10. Como a nova lei afeta a nacionalidade de filhos de estrangeiros nascidos em Portugal? Eles ainda terão direito automático à cidadania portuguesa?
O regime anterior concedia automaticamente a nacionalidade portuguesa aos filhos de estrangeiros nascidos em território nacional, desde que um dos pais residisse em Portugal há pelo menos dois anos. A nova proposta elimina essa atribuição automática. Agora, exige-se que pelo menos um dos progenitores tenha residência legal há mais de três anos à data do nascimento, além da necessidade de uma declaração expressa dos pais. Ou seja, o acesso à cidadania deixa de ser direto e passa a depender de mais requisitos formais.
11. Quais são os riscos de perder a nacionalidade portuguesa em casos de crimes graves, segundo as nova proposta?

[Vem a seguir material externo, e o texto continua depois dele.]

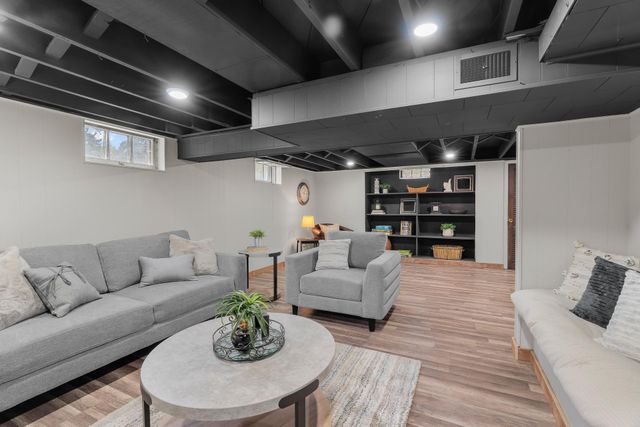 7650 Stillwater Way N, Oakdale, MN 55128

A proposta introduz a possibilidade de retirada da nacionalidade de pessoas naturalizadas que, nos primeiros dez anos após a aquisição, venham a ser condenadas por crimes graves. Isso inclui homicídio, terrorismo, tráfico internacional de drogas e crimes contra o Estado. A retirada dependerá de decisão judicial e levará em conta a gravidade do crime, o grau de inserção do indivíduo na sociedade portuguesa e outros fatores contextuais. Trata-se de uma medida polêmica, que exige equilíbrio entre a proteção da comunidade e o respeito aos direitos individuais.
12. Como a mudança da contagem do tempo de residência (a partir do título de residência e não do pedido) impacta quem já está aguardando o processo?
Essa é uma das mudanças mais sensíveis. Muitas pessoas vivem legalmente em Portugal há anos, mas ainda não possuem um título formalizado por atrasos administrativos. Com a nova regra, todo esse tempo “invisível” deixa de contar. Isso significa que, mesmo após anos de trabalho, estudo e integração no país, o imigrante poderá ter que recomeçar a contagem de zero a partir do momento em que o título for finalmente emitido. Isso representa uma quebra importante no princípio da boa-fé e na expectativa legítima de milhares de pessoas.
13. Existem recursos judiciais para quem enfrenta atrasos excessivos ou negativas indevidas nos processos de nacionalidade ou renovação de residência?
Sim. O ordenamento jurídico português prevê meios para contestar atrasos injustificados ou decisões administrativas ilegais. A pessoa pode, por exemplo, interpor uma ação administrativa de intimação para que a entidade pública decida o processo dentro de prazo razoável. Em caso de indeferimento, também há possibilidade de recorrer ao tribunal. Além disso, em situações urgentes, é possível solicitar medidas provisórias para resguardar direitos fundamentais, como permanência no país, acesso a saúde ou regularização profissional.
14. Qual é a recomendação para famílias que estão organizando a documentação para pedido de cidadania portuguesa por ascendência?
A orientação é clara: agir com urgência. Quem tem ascendência portuguesa deve reunir toda a documentação o quanto antes, com especial atenção à linha sucessória, às certidões apostiladas e à coerência dos dados. Sempre que possível, recomenda-se incluir os filhos menores no mesmo processo. Com as alterações, o direito dos descendentes diretos — especialmente os bisnetos — poderá ser significativamente restringido. Quanto mais demorar, mais difícil será garantir o acesso à cidadania no futuro.